We all know simple is better. Apple effectively taught that to the entire world through their products, packaging and marketing.
And yet, as a founder of a complex technical product, you might feel freaked out over the concept of simplifying — or over-simplifying — your technology.
It’s natural for founders to be scared of simplifying their product.
You’re comfortable inside the weeds of your technology. You’ve been living there for months, maybe years. You know exactly how game-changing and powerful it is, and you don’t want any of that getting lost or F’ed up.
I totally get it. So I wanted to share two truths that will ease your mind.
Having this feature versus that feature won’t differentiate your product. It’s just not immediately apparent to the outside world. When you try to differentiate on features, you’re assuming people have the right context of what those features could mean for them. And they rarely have that context.
Plus, building your differentiation on features leaves you vulnerable.

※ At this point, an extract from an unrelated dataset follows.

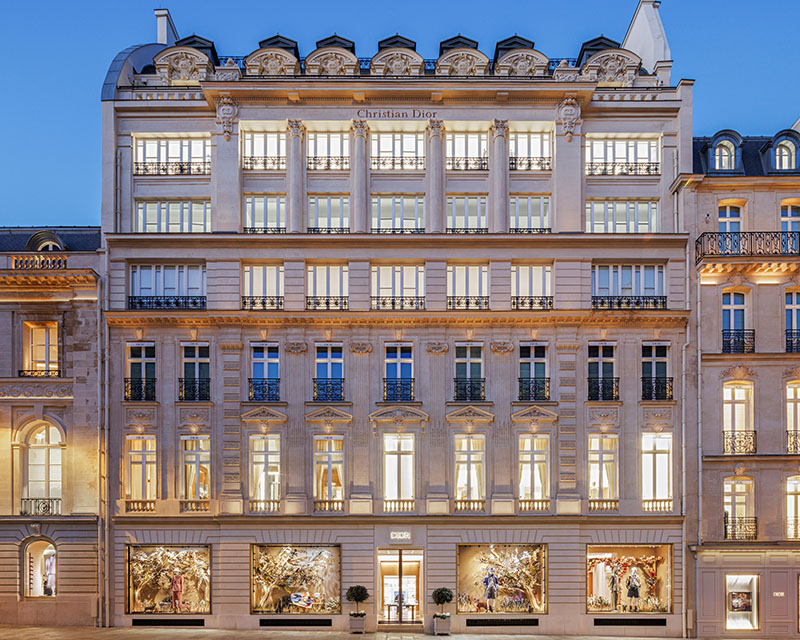 El 30 Montaigne De Dior Estrena Nuevos Escaparates Para La Primavera El 30 Montaigne De Dior Estrena Nuevos Escaparates Para La Primavera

It’s only a matter of time until someone copies your feature. So you’re better off differentiating by telling a story about your customer and how they’ll change for the better with the help of your product.
Simplifying your technology is not about dumbing it down or explaining APIs in layman’s terms.
Simplifying your technology is about making it easy to relate to. Instead of explaining how it works, you show how it fits into their current world. You translate the technical stuff into how they’re going to be using it.
One of my favorite examples comes from Simple, a wonderful online bank based in my hometown of Portland, OR.
True to their name, here’s how they describe their budgeting app:
“Make smart spending decisions on the spot. Our budgeting tool does the ‘can-I-buy-this?’ math for you, setting aside enough money each month to cover your expenses and goals.”
Simple could have mentioned analytics or algorithms or whatever — instead, they say it does the “can-I-buy-this?’ math for you. It solves a pain point customers recognize.
Making the complex simple isn’t a luxury — it’s a necessity. Complexity makes prospects leave demos feeling confused and dumb. Complexity says to potential customers “this isn’t for you.” Complexity slows adoption and growth.
So consider going simple. Your beautiful, complicated product deserves it.